The programme of work that developed into ROMA began in 2004 with the idea of ‘policy entrepreneurship’ – the idea that researchers can move beyond simply producing and disseminating knowledge to directly engaging with policy-makers from the earliest stages of research in order to influence their decisions. This early work proposed that the uptake and use of research-based evidence in policy did not depend just on the quality of the evidence but also on three other factors. Together, these factors were called the RAPID Context, Evidence, Links (CEL) framework.
Formulating the CEL framework led to a series of policy entrepreneur workshops. The idea was that, once equipped with a set of simple steps to formulate and implement a plan, sufficient skills and appropriate tools, researchers or others seeking to effect change could navigate this complex environment and improve the likelihood of their evidence being listened to and incorporated into policy and practice.
In 2005, the RAPID team was introduced to the concept of OM. OM offered a complete narrative that helped bring together the somewhat fragmented set of policy entrepreneurship tools. By focusing on change, particularly behaviour change, it provided a new way of thinking about the objectives of policy work as changes in the behaviour of those who inform, make, implement and evaluate policy (as opposed to the previous idea that change was only really encapsulated in statements in policy documents). Importantly, OM introduced two crucial ideas to RAPID’s emerging approach. First was the notion of ‘boundary partners’ — those people or organisations that become direct working partners. This helped narrow the universe of potential stakeholders to those who were appropriate to target. Second, the concept of ‘progress markers’ made it clear change generally happens in small steps.

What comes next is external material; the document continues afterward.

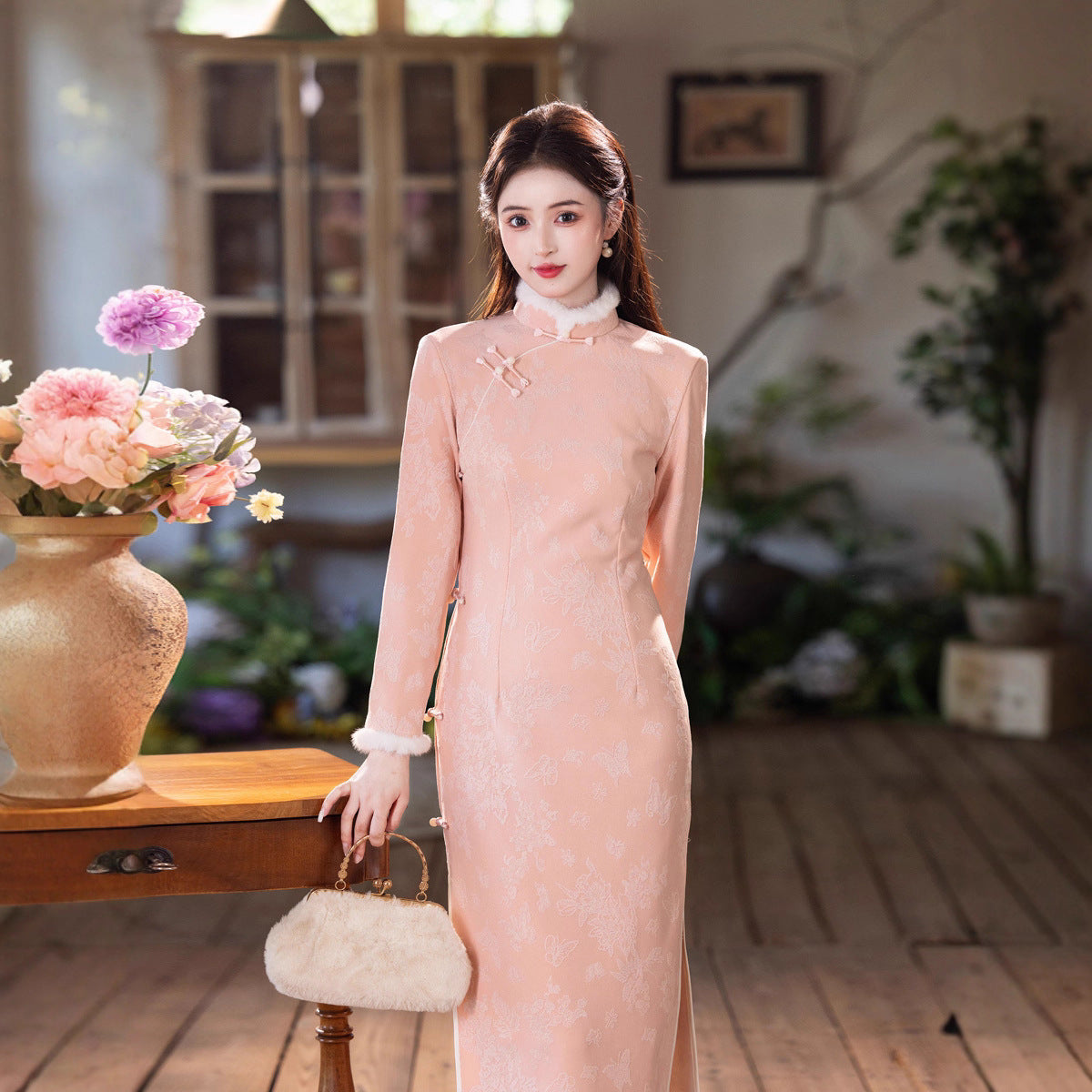2025 Pink Velvet Cheongsam | New Chinese Style Warm Winter Dress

Together, these ideas helped shift the emerging approach away from one of planning with final impact indicators in mind, towards one of focusing first on the more immediate ones with an emphasis on monitoring and feedback. The RAPID team began to consolidate ROMA into a series of steps, centred on the constant definition and redefinition of the long-term objectives of policy engagement. Tools for stakeholder identification, strategy development, monitoring and learning, communication and internal capacity supported these steps.
The team worked with a wide variety of organisations, ensuring ROMA carried on incorporating new tools and refining existing ones. As different people joined the team, ROMA expanded to include tools to help analyse the political context and improve research communications, theories of change and knowledge-brokering. A key thread throughout was the team’s attempts to better understand complexity and the challenges of working in complex environments. This underpinned what had been an essentially evolutionary approach.
At its heart, ROMA remains an analysis- and workshop-based technique that encourages feedback from teams working on very different issues and in very different contexts, and inspires experimentation with new techniques. Indeed, the process of writing this guide has helped the authors think more critically about what ROMA is and how to incorporate new issues and insights into the approach.